Rollovers accounted for about $188 billion in assets in 2002, according to Financial Research Corp., Boston (see related article on page 5).
Not all players contacted by NU are seeing rollover sales blossom, but most expect the rollover IRA market will open wide, and soon.
Rollovers are “perfect for people who want to leverage their qualified plan money as tax efficiently as possible,” explains Angelo J. Robles, president, Northeast Wealth Advisors, Stamford, Conn.
The problem right now, he says, is that “I dont think average clients or advisors are yet knowledgeable about the products or how the products can help meet client needs.”
Another problem, he says, is that some advisors believe a brisk rollover market is too far off to prepare for now. “There is some truth to that,” he agrees, noting that most boomers will not start retiring for a few years and that some are even delaying retirement.
However, says Robles, this is the time for advisors to start helping clients understand their retirement needs and how they will handle their rollover accounts. “The advisor needs to show clients how to get what they want, so their customers dont have to work longer or reduce their expenses” in order to get by.
The advisor also needs to start focusing on building client relationships, learning clients emotional buttons and talking with clients about how to prepare for long term care expenses, he says.
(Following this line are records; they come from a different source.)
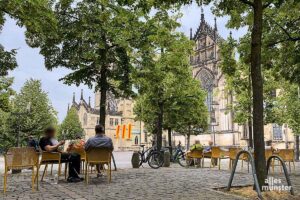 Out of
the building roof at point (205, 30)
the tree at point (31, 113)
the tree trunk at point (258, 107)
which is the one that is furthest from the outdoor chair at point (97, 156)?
the building roof at point (205, 30)

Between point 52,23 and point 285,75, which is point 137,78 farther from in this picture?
point 285,75

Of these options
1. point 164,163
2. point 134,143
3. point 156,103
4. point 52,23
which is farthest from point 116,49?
point 134,143

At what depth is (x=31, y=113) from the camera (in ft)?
141

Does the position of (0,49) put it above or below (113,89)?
above

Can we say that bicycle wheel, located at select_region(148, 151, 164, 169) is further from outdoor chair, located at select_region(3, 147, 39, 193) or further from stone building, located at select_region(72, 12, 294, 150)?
stone building, located at select_region(72, 12, 294, 150)

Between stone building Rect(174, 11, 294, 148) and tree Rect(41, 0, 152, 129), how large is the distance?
3676 centimetres

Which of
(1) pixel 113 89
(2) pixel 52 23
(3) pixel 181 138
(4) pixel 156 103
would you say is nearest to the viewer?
(2) pixel 52 23

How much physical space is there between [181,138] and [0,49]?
5395cm

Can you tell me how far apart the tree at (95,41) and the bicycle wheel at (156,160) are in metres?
4.65

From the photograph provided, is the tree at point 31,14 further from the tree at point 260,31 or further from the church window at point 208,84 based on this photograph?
the church window at point 208,84

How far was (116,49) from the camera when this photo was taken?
1370 cm

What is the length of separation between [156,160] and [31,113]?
29.0 metres

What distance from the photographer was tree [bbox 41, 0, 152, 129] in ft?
41.7

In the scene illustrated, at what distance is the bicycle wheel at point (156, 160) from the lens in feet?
57.0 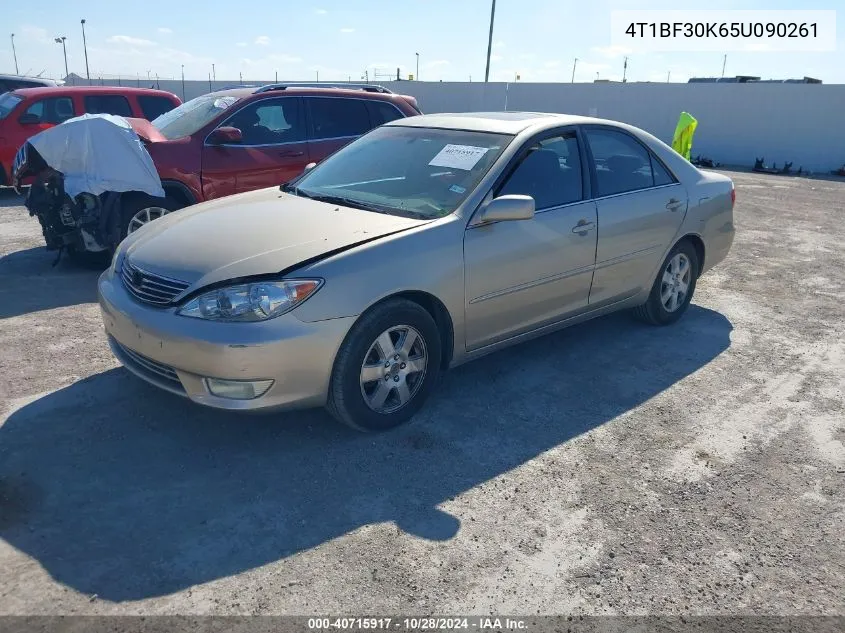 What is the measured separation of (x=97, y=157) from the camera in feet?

Finally, Robles says, advisors need to become educated now on rollover products so they help clients who change jobs choose the best option regarding their existing 401(k). “The average worker today will have at least 7 job changes,” he notes.
Thats important to keep in mind, say experts, because clients often blame the advisor for not informing them about the issues involved.
People often do not understand the tax issues or the importance of tax deferral, explains James G. Russell. He is vice president-qualified plan and tax reduction service at Filomeno & Company, a CPA and business advisory firm in West Hartford, Conn.
They may not realize, for instance, that “if they take the money as a lump sum (rather than rolling it over), the employer will withhold 20% to cover the taxes due. Then, if they decide they want to have all their money continue growing in a rollover IRA, they will have to find a way to come up with the 20% to make up for the shortfall.
“Many also dont know about the additional tax they will have to pay if they take their money before age 59.5. Or, they think that their financial distress is a reason for an exception, when it is not.”
When clients later learn these things, “they become upset–not at their former employer but at their advisor,” continues Russell. “They say, No one told me about this.”
His advice? Be sure to tell clients about these things, “and when you do, always have it in writing, that you did provide this information.”
These education efforts may be coming none too soon. A recent report from Hewitt Associates, Lincolnshire, Ill., shows that nearly half–or 42%–of 160,000 employees who took 401(k) distributions in 2002 cashed out their 401(k) plans when they changed jobs.